When word of mouth in Bradford, the UK's curry hotspot, indicates that a new Asian restaurant is worth a visit, you know you're in for a treat. We hotfooted it there, zapping up the Leeds road in a taxi past sari shops, cafes, and the famous Akbar's, a landmark for lovers of spicy food, which proclaims on it's website to be 'probably the best curry restaurant in the North of England'.

That's as maybe, but new kid on the block Zouk is doing something so appealing that the old guard might like to take a look over their shoulder. Run by brothers Mudassar and Tayub Amjad and billed as a tea bar and grill, it's a visually attractive spot, funkily enticing with it's modular chairs in warm brights, mirrors and clean modern lines. They're intent on appealing to a younger crowd, and tables are arranged to accomodate companionable groups - on our visit, young families and groups of friends - and couples. An element of post-industrial chic is added by the view from the windows; reflected neon lights on a wet road bordered by old stone buildings from when Bradford was a centre of the textile industry. As you go in there's a great sweep of a silver counter that morphs into a bar area with high stools. The ambience is friendly and welcoming, with a soundtrack of modern Asian music.

It's a good setting but none of it would count if the food wan't up to scratch. Fortunately for us, this was no triumph of style over substance: we have been raving about Zouk's food ever since our visit.

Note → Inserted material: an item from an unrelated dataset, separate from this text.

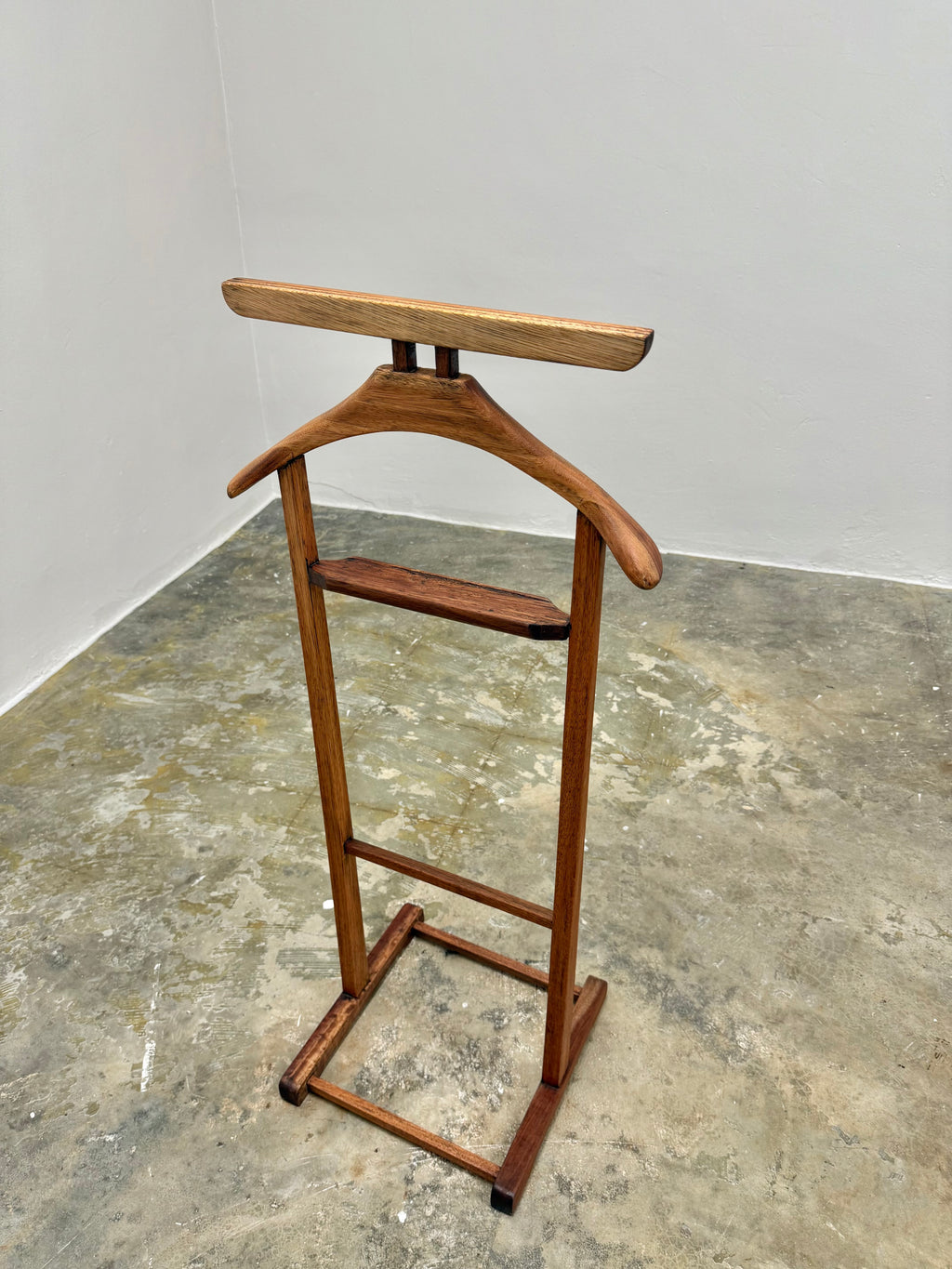 VINTAGE SOLID WOOD DUMB VALET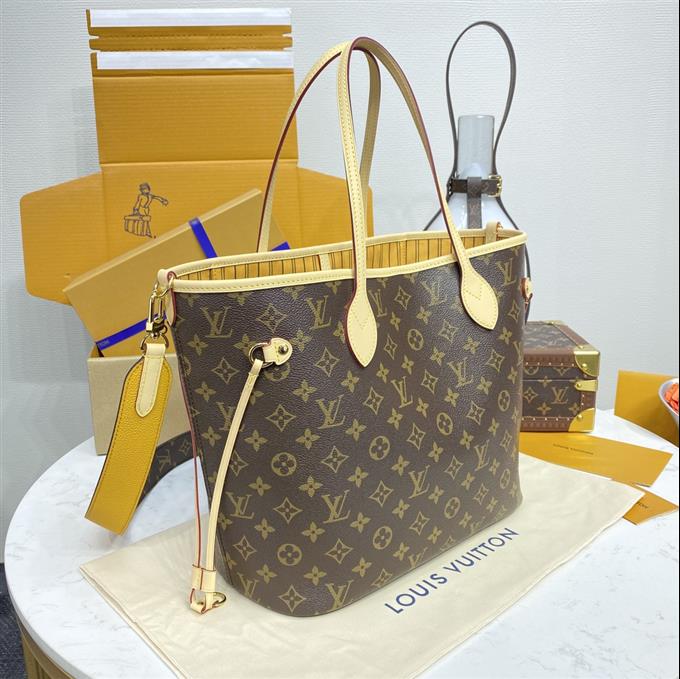 2025224M12257103828298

You can tell a lot about a restaurant from how it delivers the basics; if an Italian restaurant, for instance, flops on the pasta front, it's not an encouraging sign, and you wouldn't reckon much to a Chinese that offered dodgy prawn crackers. Zouk indicated its quality from the off. Laid flatly at the bottom of their silver basket, the popadoms (45p each) looked modest rather than the flamboyant frilly things often served elsewhere. They belied their low-key appearance, though. Perfectly dry, crisp and flaky, studded with cumin seeds, we loved every bite, heightened by four lovely sauces, of which the chilli-enhanced mint and yoghurt was my favourite. We accompanied them with a Cobra beer (£2.50) and a mango juice (£2.50).

Although the menu offers some Arabian selections such as schwarma - meat cooked on a skewer over an open flame - and falafel, the food is predominantly Lahori. There are breakfast options and a gourmet burger menu, and some fantastic steak and fish dishes; familiar friends are given a fresh, modern edge thanks to contemporary cooking techniques and presentation. Both our starters were particularly good versions of things we have eaten elsewhere. My companion was full of praise for his keema paratha (£2.45), a chapati studded with spicy minced lamb cooked on a tawa, or iron skillet. I was equally pleased with panir tikka (£2.75) from the vegetarian starter selection. The skewered cubes of cheese were coated in a divine marinade of garlic, lemon juice and red chilli, flavoursome but not tongue-burning, and grilled with peppers, tomatoes and onions. Very moreish indeed.

Ruby in the Curry Crown

Ideally, starters set the tone for the main course to follow. Often, and rather disappointingly, they're better than what follows. Not here. I chose halibut (£8.50) from the speciality seafood menu; the large fillet of fish was marinated in spices and lemon juice then steam-grilled so that the flesh retained its moisture. Served with a lemony, garlicky sauce, it was wonderful. So was my friend's lamb nihari (£6.95); you could see the wonderful, glutinous quality of the rich sauce even before he'd tasted it. The lamb, cooked slowly with spices in its own juices to melting tenderness, was served in a karahi dish and accompanied by a plate of extras: freshly chopped chillis, ginger and coriander, and a heap of cumin. My friend was in heaven as he piled the meat and sauce onto pieces of Peshwari naan (£2.25), added extras to his own taste, and wolfed each mouthful with gusto.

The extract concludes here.